Lotina, en su pasión
Miguel Ángel Lotina levantó la Copa, compareció ante los periodistas, enfiló sus cejas rectilíneas en un gesto de abatimiento, apoyó su cansada barbilla en la mano de firmar esquelas, bajó al micrófono su mirada de pecador arrepentido, apretó los labios como se recomienda en el manual del portador de malas noticias, chasqueó la lengua para afirmar su sentido trágico y, válgame Dios, presentó sus excusas a la concurrencia por el éxito conseguido.
-Partido igualado. Ganamos porque hemos convertido todas nuestras ocasiones de gol. En cuanto a mi equipo tengo que decir la verdad: no se trata de que yo haya acertado con la táctica, sino de que nuestros partidarios se han puesto a cantar, y los jugadores se han venido arriba.
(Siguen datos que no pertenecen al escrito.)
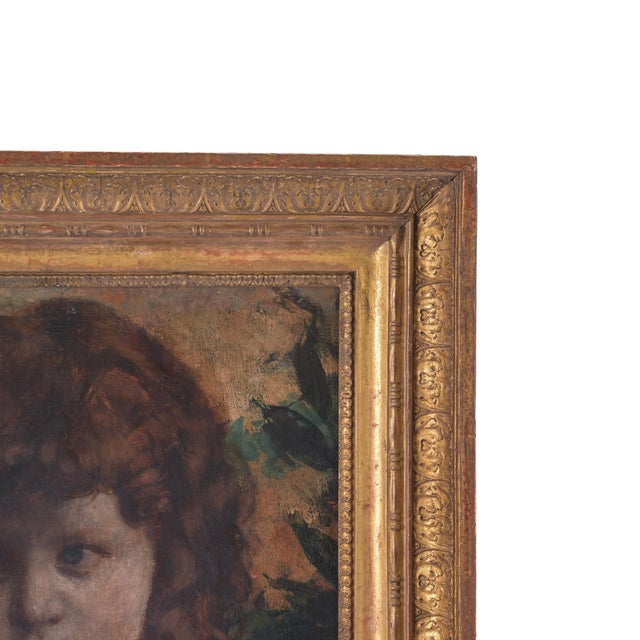 Hugo Crola (1841–1910), ‘Cupid’ Circa 1900, oil on canvas, signed, framed Dimensions: 39 cm x 45 cm (image size) 50 cm x...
Hemos ganado la Copa gracias a tres o cuatro canciones.
Un minuto después los reporteros decidían preguntarle por la futilidad de la vida y comprobaban, asombrados, que por un extraño reflejo de la Pascua el campo empezaba a transfigurarse en camposanto.
En realidad, Lotina se había entrenado mucho para convertir la mayor de las apoteosis en una exhibición de pompas fúnebres. Quizá porque siempre supo que el éxito deportivo es flor de un día, asumió ante sí mismo la identidad de aquel esclavo zumbón que le bajaba los humos a César en los desfiles de la victoria. Con 20 siglos de retraso descolgaba su propia corona de laurel y se decía entre dientes, como canta el enterrador: No te agrandes, compañero, que ya vendrán tiempos peores.
Puede que ese fatalismo medular venga de sus años de delantero centro del Logroñés, un equipo de supervivencia que vivía pendiente de la voluntad de un mecenas y de los caprichos del marcador. Entonces Miguel Ángel era un esforzado profesional del rescate que esperaba en la reserva una orden de movilización. En casos de extrema gravedad los senadores riojanos se reunían en el graderío y llegaban a un acuerdo: "Que salga Loti".
En su choza de metacrilato, Lotina templaba la musculatura. Luego salía, cargaba las botas, alargaba el juego, se lanzaba a fondo y marcaba alguno de esos goles cruciales que llegan con el último aire.
Ahora ha vuelto a acreditarse como emisario de la providencia. Ganó la Copa, inclinó la cabeza y pidió disculpas al Destino por los servicios prestados. Acto seguido los reporteros le dieron su más sentido pésame, contuvieron las lágrimas, disolvieron el cortejo y se acercaron al túnel de vestuarios, es decir, a las catacumbas, para acompañar en el sentimiento a Tamudo y compañía.
En la cripta del estadio, el triunfador de la noche recibía a sus últimos deudos.
Mucho ánimo, Loti; ya vendrán tiempos peores.